-- INPUT DATA --
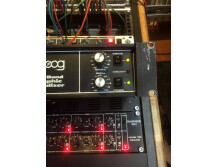 Moog Music 10-Band Graphic Equalizer (89941)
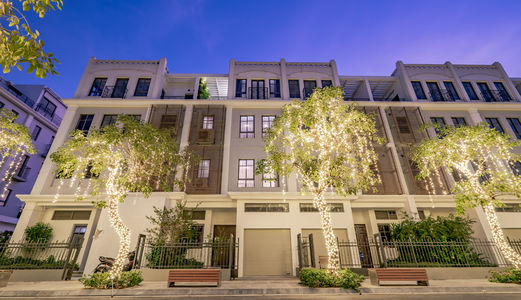 Bán Nhà Phố 75M2 Đã Xây 5 Tầng, Giá Chỉ 16,3 Tỷ Kđt The Manor Central Park Nguyễn Xiển 0901493555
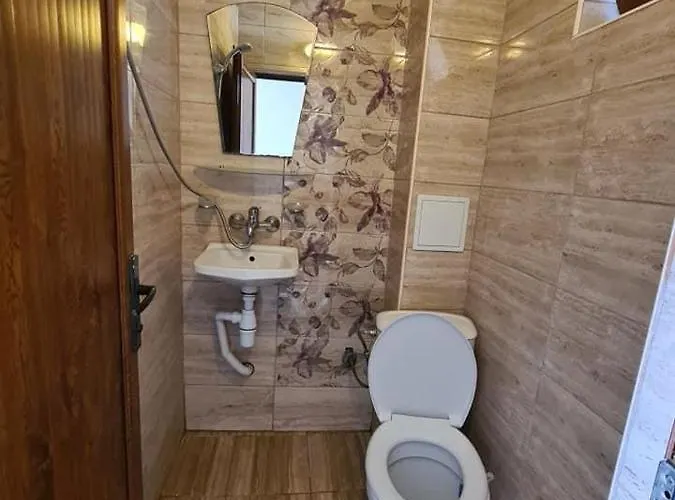 Къща за гости House Varna-2 Крапец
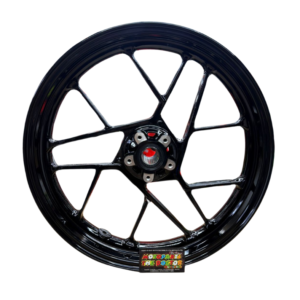 Rin Delantero Cf Moto 675sr 675 Nk Original Nuevo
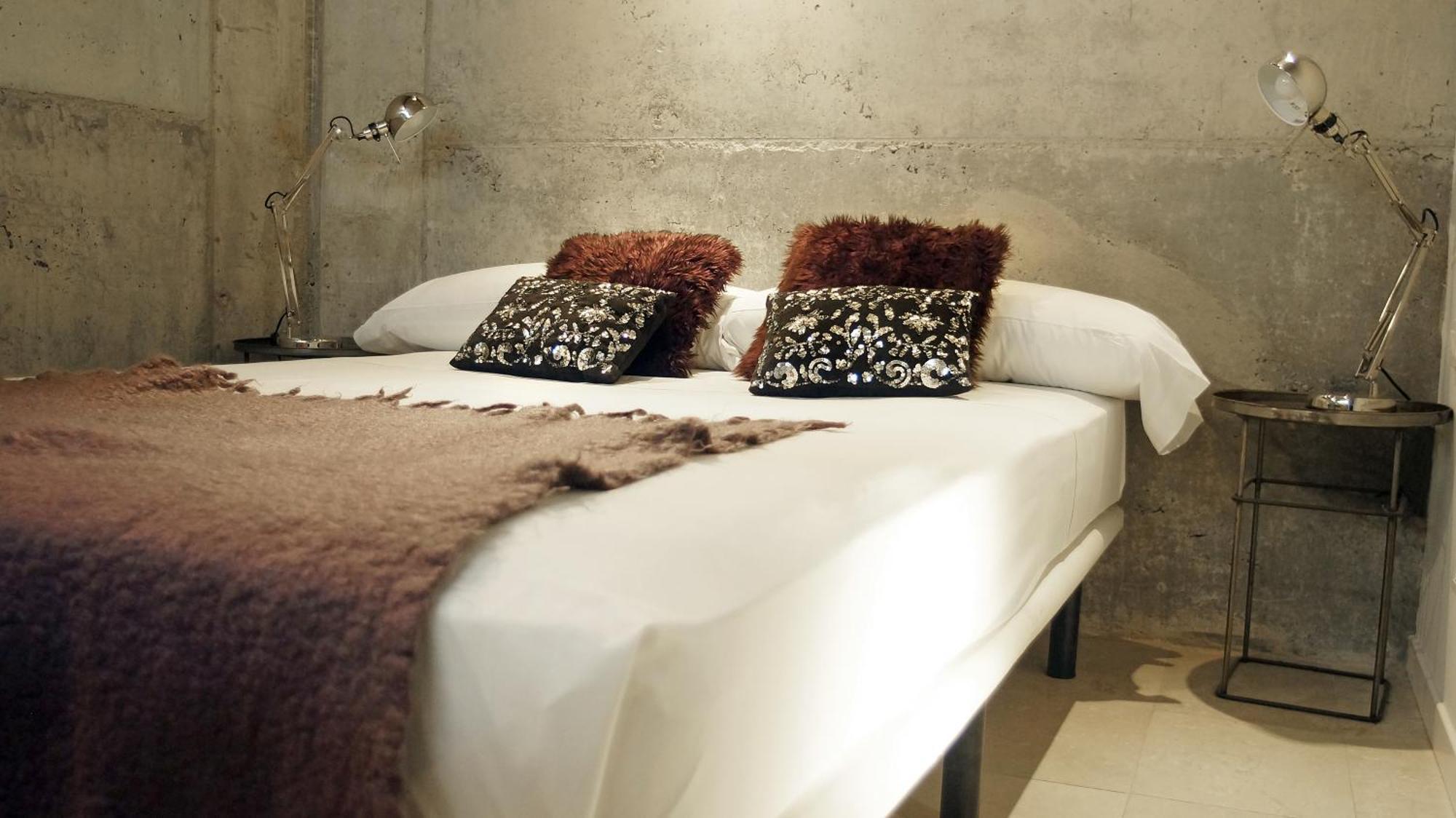 Apartment Barcelona Rentals - Pool Terrace In City Center Pokój zdjęcie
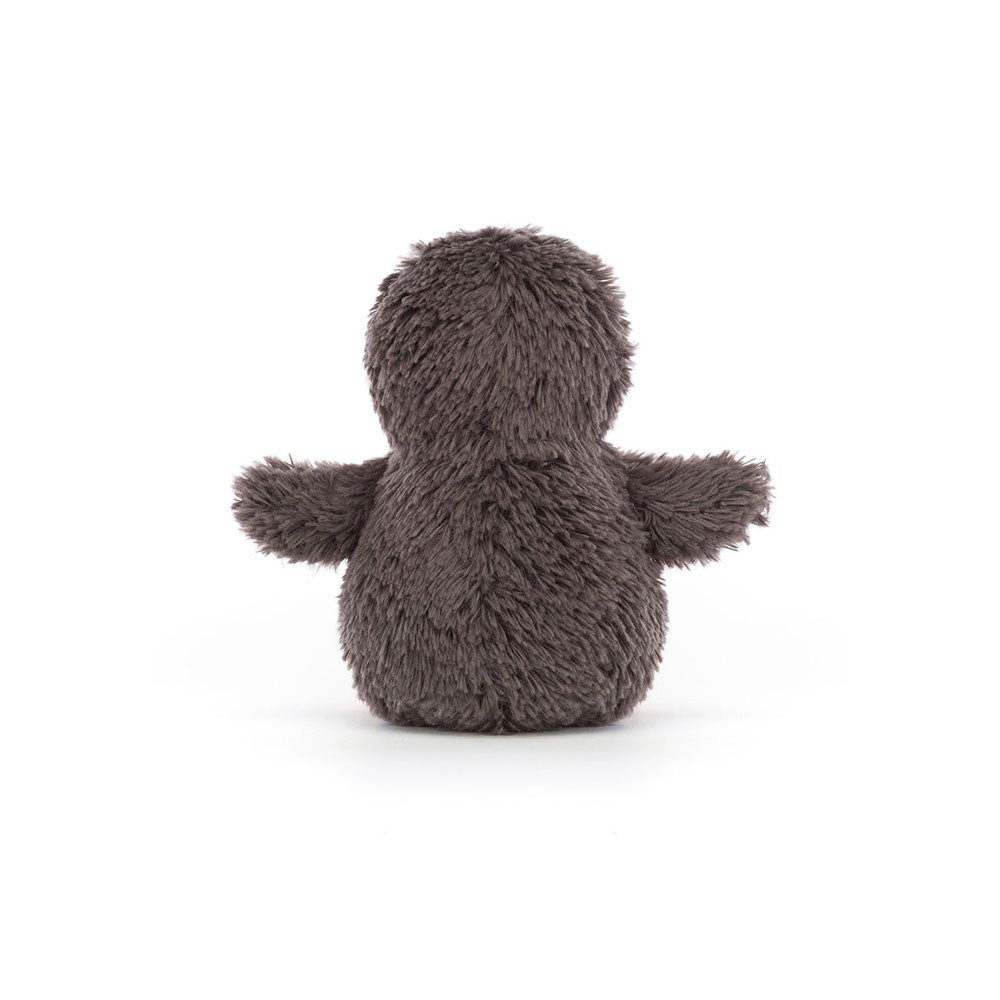 Peanut Penguin, Small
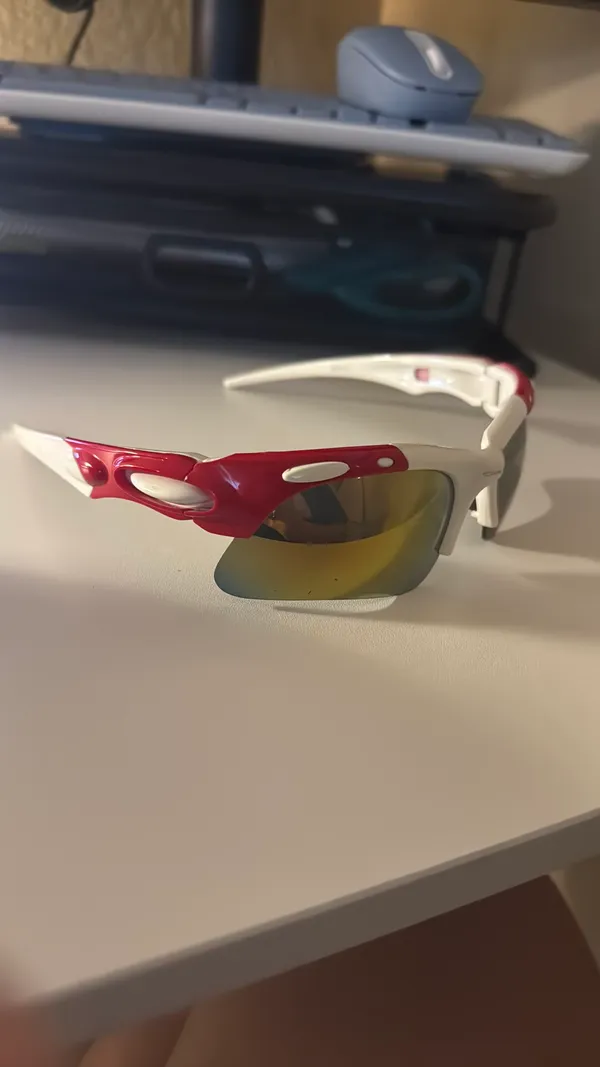Oakley Sunglasses Sport Polarized - Image 4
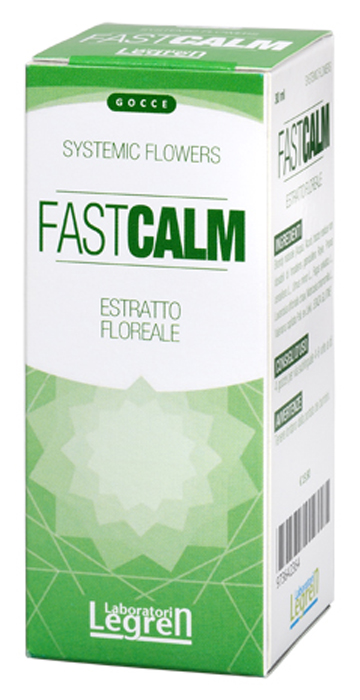 FAST CALM 30 ML GOCCE - farmasorriso.com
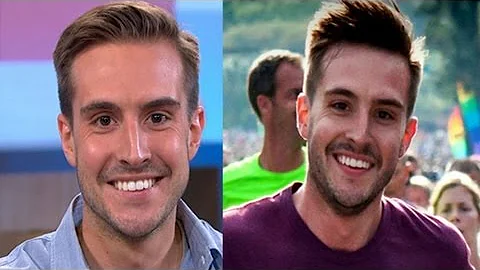 'Ridiculously Photogenic' Guy Zeddie Little on 'Go...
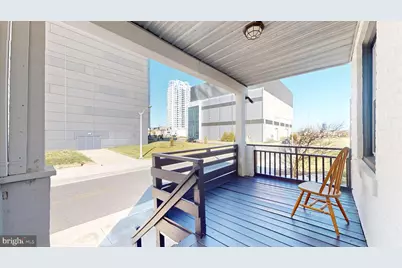 203 S Metropolitan Avenue, Atlantic City, NJ 08401 - Photo 6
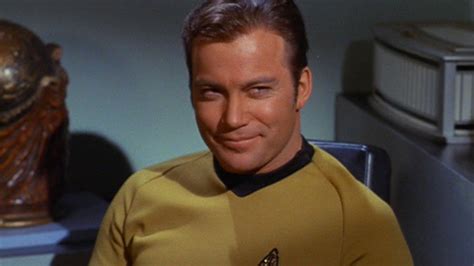Captain Kirk S Entire Backstory Explained Captain Kirk S Entire Backstory Explained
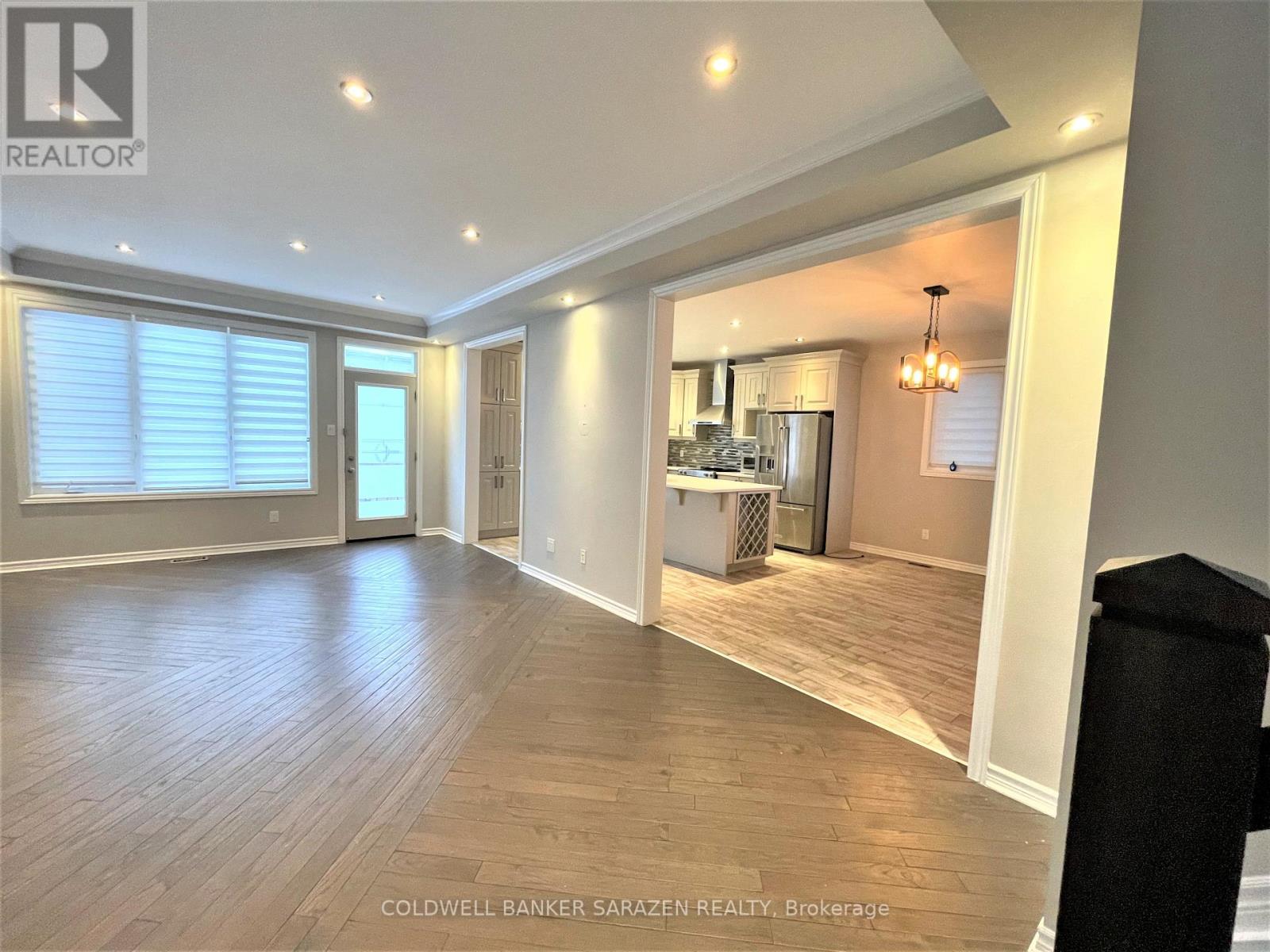 161 Damselfly Way, Ottawa, Ontario  K2J 6H6 - Photo 4 - X12265693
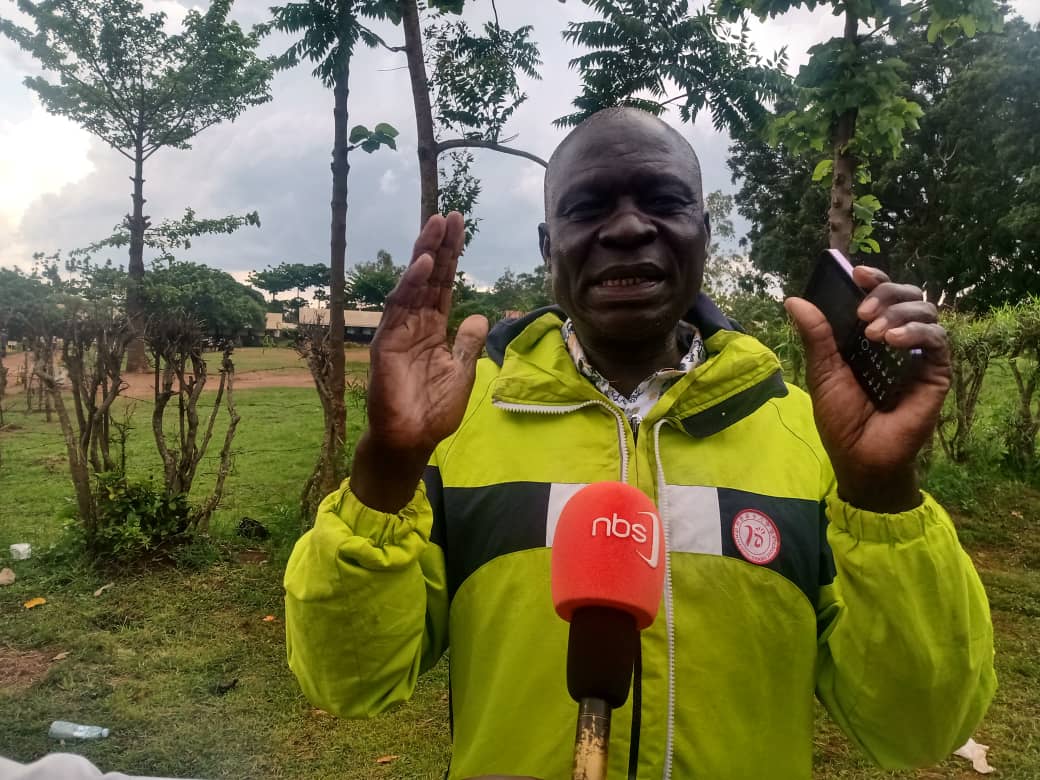 Rat Protester Sees Dream Fulfilled After Tororo Is Split into New Districts
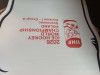 119272c-01 Jednokolorowa dłoń kibica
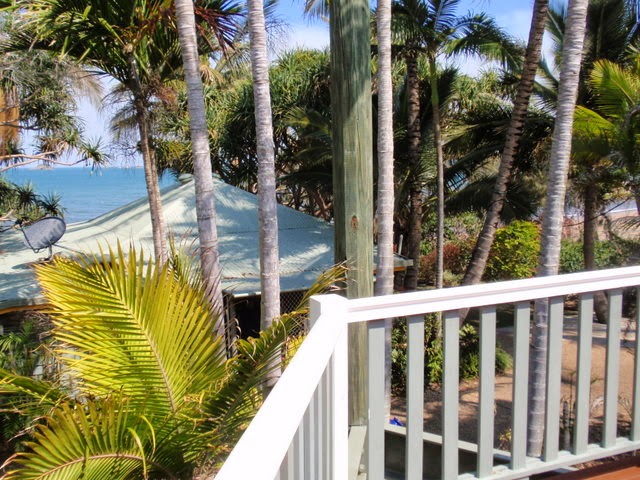 Beachfront Zilzie Holiday Homes | real estate agency | 1 Sandy Ln, Zilzie QLD 4710, Australia | 0467583592 OR +61 467 583 592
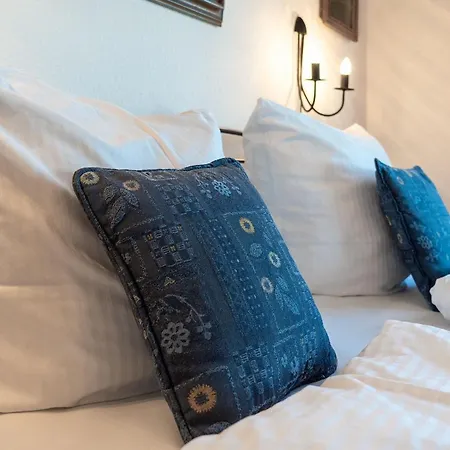 Zur Duene Gute Stube Апартаменты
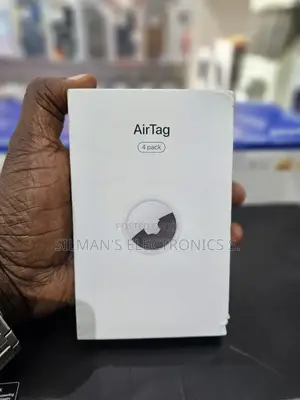 Apple AirTag 4 Pack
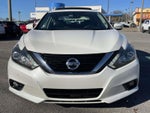 2017 Altima Thumbnail 6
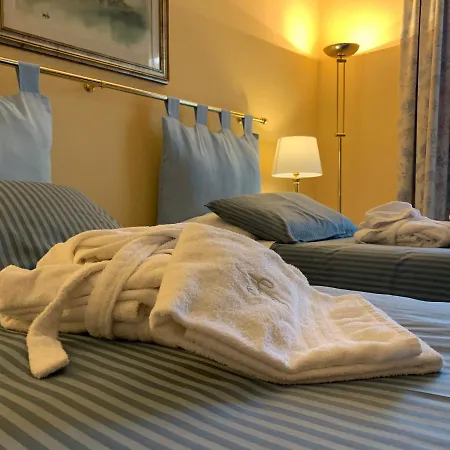 Bed & Breakfast Albina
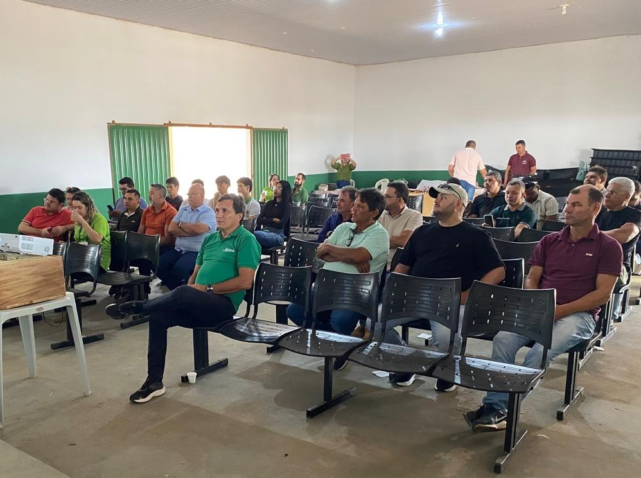 Forrageiras ibiapaba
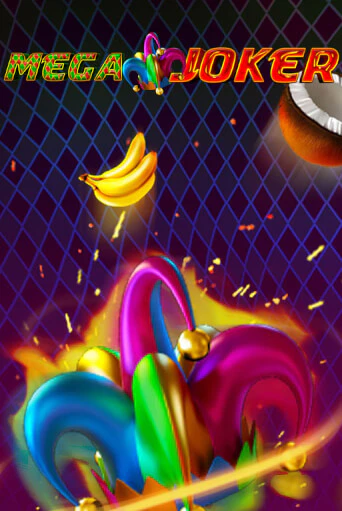 Mega Joker играть онлайн  в демо игру в Crystal Casino Online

-- HOW TO COMPLETE THIS TASK --
What you give back must match the material above exactly, minus its pictures.

-- OUTPUT --
 Moog Music 10-Band Graphic Equalizer (89941)
 Bán Nhà Phố 75M2 Đã Xây 5 Tầng, Giá Chỉ 16,3 Tỷ Kđt The Manor Central Park Nguyễn Xiển 0901493555
 Къща за гости House Varna-2 Крапец
 Rin Delantero Cf Moto 675sr 675 Nk Original Nuevo
 Apartment Barcelona Rentals - Pool Terrace In City Center Pokój zdjęcie
 Peanut Penguin, Small
Oakley Sunglasses Sport Polarized - Image 4
 FAST CALM 30 ML GOCCE - farmasorriso.com
 'Ridiculously Photogenic' Guy Zeddie Little on 'Go...
 203 S Metropolitan Avenue, Atlantic City, NJ 08401 - Photo 6
Captain Kirk S Entire Backstory Explained Captain Kirk S Entire Backstory Explained
 161 Damselfly Way, Ottawa, Ontario  K2J 6H6 - Photo 4 - X12265693
 Rat Protester Sees Dream Fulfilled After Tororo Is Split into New Districts
 119272c-01 Jednokolorowa dłoń kibica
 Beachfront Zilzie Holiday Homes | real estate agency | 1 Sandy Ln, Zilzie QLD 4710, Australia | 0467583592 OR +61 467 583 592
 Zur Duene Gute Stube Апартаменты
 Apple AirTag 4 Pack
 2017 Altima Thumbnail 6
 Bed & Breakfast Albina
 Forrageiras ibiapaba
 Mega Joker играть онлайн  в демо игру в Crystal Casino Online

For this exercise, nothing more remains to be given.